“I’m going to shirt-front Mr Putin,” “You bet you are, you bet I am.
“I am going to be saying to Mr Putin Australians were murdered.”
Tony Abbott at press conference in North Queensland
The Australian Prime Minister raised eyebrows yesterday when he vowed to ‘shirt-front’ Russian President Vladimir Putin when he attends the G20 conference to be held in Brisbane. Abbott’s promise to deal tough with Putin comes in the context of criticism of his decision not to disinvite Putin in the wake of the downing of MH17 by pro-Russian troops equipped with Russian arms and Putin’s subsequent lack of co-operation in Australia and Holland’s attempts to retrieve bodies from the wreckage of the downed airliner. Abbott’s macho tough-talking was matched by Opposition Leader Bill Shorten’s public questioning of Putin who was even less diplomatic in suggesting that Putin ought to be too ashamed to attend.

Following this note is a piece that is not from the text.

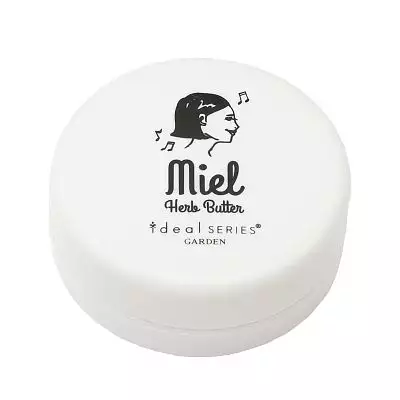 MIEL草本潤髮乳霜（HairButter）／28g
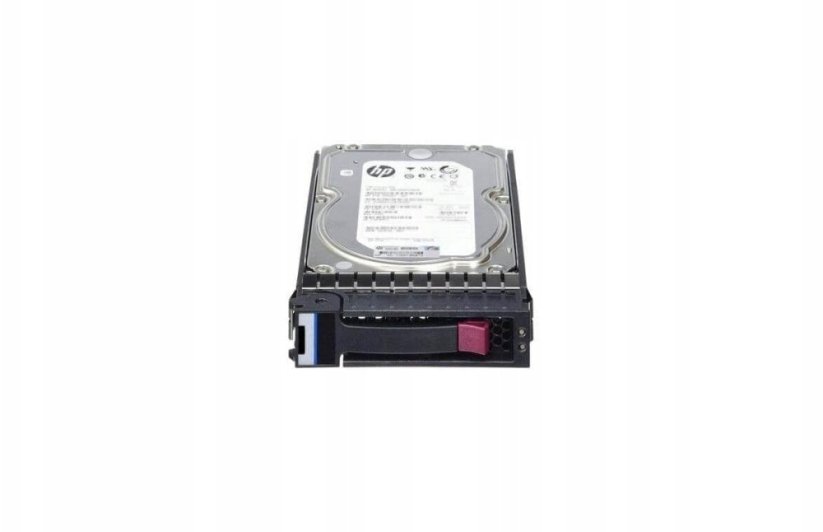 HP HDD 4TB 6G 5.7K 3.5 SATA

Some of the eyebrows raised belonged to Aussie journalists who later reported that they did not understand the phrase at first and had to look it up. The media consensus is that the phrase is an Australian football term for a type of full-frontal body tackle, a head-on charge aimed at bumping an opponent to the ground although it may be contended that the term has wider currency denoting a ‘please explain’ confrontation amongst other English-speaking peoples. What is certain, however, is that the words would have raised eyebrows in the Kremlin where translators would have wasted only a few nanoseconds in confirming with the Russian President that he had been insulted by his prospective G20 host who was vowing to hold him to account over the downing of MH17.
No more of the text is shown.